El Espectador says Thursday's announcement will also be attended Cuban President Raúl Castro, Venezuelan President Nicolás Maduro and five other Latin American heads of state. Chilean Michele Bachelet will be there, as will Norway's foreign minister. Cuba and Norway are guarantors of the talks, while Venezuela and Chile are observers, explains the Miami Herald.

AP sources say the ceasefire between the two sides likely would not start immediately, but would begin when the final deal is reached.

Santos said he hopes for a final deal by July 20, Colombia's independence day, though the FARC leadership rejects set deadlines. It's the first time possible deadlines have been publicized since the two sides missed a March 23 deadline for a final agreement, notes El País.

Silla Vacía's piece has a great review of what has already been agreed on in the peace negotiations, and what is left. The piece notes that most of the major issues have some level of agreement, but flags the implementation aspect as lacking in substance so far.

The issue of political participation for FARC members remains in disagreement, notes El Espectador.
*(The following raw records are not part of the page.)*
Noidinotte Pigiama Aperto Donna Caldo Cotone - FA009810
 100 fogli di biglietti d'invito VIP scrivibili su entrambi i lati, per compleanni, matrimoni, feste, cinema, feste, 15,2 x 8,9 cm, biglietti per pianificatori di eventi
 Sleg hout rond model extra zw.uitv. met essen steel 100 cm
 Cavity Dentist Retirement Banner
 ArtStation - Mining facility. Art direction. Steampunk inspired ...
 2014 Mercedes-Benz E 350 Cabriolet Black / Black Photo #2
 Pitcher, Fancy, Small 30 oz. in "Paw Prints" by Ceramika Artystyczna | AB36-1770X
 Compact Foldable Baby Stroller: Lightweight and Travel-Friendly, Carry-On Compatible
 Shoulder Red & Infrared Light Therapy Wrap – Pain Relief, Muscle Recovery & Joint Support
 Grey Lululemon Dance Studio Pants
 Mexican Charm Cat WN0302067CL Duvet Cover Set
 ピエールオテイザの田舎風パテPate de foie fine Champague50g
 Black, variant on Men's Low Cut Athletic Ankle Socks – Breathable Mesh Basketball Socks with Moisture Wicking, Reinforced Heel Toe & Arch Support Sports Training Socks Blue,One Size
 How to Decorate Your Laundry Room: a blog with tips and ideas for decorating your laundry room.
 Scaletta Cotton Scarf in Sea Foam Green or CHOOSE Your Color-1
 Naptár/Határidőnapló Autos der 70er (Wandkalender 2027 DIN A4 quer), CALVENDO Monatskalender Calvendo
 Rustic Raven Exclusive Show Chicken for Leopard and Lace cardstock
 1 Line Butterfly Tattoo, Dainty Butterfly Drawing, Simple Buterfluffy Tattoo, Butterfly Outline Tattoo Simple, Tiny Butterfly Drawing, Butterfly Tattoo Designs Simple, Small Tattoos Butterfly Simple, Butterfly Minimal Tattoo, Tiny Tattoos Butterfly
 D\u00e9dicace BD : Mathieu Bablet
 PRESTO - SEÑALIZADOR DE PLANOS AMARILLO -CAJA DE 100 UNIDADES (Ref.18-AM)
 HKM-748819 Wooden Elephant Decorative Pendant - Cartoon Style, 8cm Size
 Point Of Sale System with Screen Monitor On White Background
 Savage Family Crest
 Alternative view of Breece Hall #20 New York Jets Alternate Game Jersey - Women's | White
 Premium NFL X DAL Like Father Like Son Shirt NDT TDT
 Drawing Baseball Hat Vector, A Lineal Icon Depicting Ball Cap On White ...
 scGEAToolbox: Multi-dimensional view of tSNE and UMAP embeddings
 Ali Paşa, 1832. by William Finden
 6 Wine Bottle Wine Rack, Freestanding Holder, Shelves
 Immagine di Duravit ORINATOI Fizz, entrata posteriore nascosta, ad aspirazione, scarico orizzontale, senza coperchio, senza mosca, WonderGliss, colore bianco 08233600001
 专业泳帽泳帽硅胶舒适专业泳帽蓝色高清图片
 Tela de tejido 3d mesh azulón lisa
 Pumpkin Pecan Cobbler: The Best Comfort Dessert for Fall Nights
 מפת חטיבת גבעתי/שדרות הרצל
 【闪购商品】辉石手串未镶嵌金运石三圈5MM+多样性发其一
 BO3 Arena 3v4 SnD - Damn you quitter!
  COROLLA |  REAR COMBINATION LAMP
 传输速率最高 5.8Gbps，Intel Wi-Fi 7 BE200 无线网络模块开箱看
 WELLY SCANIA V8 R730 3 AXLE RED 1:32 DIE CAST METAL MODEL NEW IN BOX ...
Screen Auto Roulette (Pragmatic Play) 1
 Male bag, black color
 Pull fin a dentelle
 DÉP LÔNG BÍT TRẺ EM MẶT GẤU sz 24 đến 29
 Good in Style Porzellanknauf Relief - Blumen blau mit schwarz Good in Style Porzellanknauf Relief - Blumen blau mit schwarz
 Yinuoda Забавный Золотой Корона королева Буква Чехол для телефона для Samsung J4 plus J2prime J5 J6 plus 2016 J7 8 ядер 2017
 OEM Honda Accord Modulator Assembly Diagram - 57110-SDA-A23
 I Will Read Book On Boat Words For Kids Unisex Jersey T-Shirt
A warning to Colombian's whose patience for the peace negotiation is wearing thin: Santos said this week that taxes would have to be increased should a peace accord not be successful, reports Reuters.

News Briefs
  • Senior U.S. diplomat Thomas Shannon went to Caracas yesterday to meet with Venezuelan officials and foster dialogue between the two hostile governments, reports the Associated Press. Citizens are verifying their signatures on a recall referendum petition this week, the latest step in the byzantine process the political opposition is pushing as an a legal ouster for President Nicolás Maduro.
  • The Guardian has a briefing on the ongoing Venezuela crisis, reviewing the food and basic necessities shortages as well as the recall referendum process.
  • CICIG investigations into Guatemala's conservative Partido Patriota is leading to backlash from the establishment media -- associated with Partido Patriota partners, of course, according to Nómada.  
  • Peruvian president-elect Pedro Pablo Kuczynski (PPK) won this month's runoff election against Keiko Fujimori by an extremely narrow margin, that reflected an ad-hoc coalition against his opponent, argues Carlos Basombrío at the Wilson Center. But now many people who united behind him say they will oppose his government, and PPK faces a difficult governance scenario in which Fujimori has a large congressional majority. He must forge popularity, but through reforms in areas that have wide societal consensus, argues Basombrío: "the fight against crime, the reform of the political system, the improvement of state capacity--to make it more efficient and closer to closer to the population—and meaningful and effective efforts to combat corruption."
  • NACLA piece analyzes the unlikely coalition against Fujimori, and how the revitalized left must now contend with the new president's neoliberal economic agenda.
  • Armed and masked men, claiming to represent native Mapuche tribes, have been sabotaging logging sites, creating about $13.5 million in damages so far this year, according to Reuters. Authorities say that the groups behind the attacks want an autonomous Mapuche state, while the groups say the logging industries forest plantations have harmed the ecosystem and made agriculture difficult.
  • Jailed Brazilian exec, Marcelo Odebrecht, said he will admit personally overseeing illegal campaign donations for Dilma Rousseff's 2010 and 2014 presidential campaigns, reports the Guardian.
  • Brazil's acting President Michel Temer agreed to transfer $849.0 million to bail out the Rio de Janeiro state government from a financial crisis that threatens the continuity of basic public services ahead of the upcoming Olympics games, reports the Wall Street Journal.
  • Olympics curse? Animal lovers and rights groups have expressed anger after a jaguar used in an Olympic torch event this week was shot and killed after escaping her enclosure, reports the New York Times.
  • And the Australian Olympics team called for heightened security after a Paralympic champion was robbed at gunpoint while training in the host city, reports the Guardian.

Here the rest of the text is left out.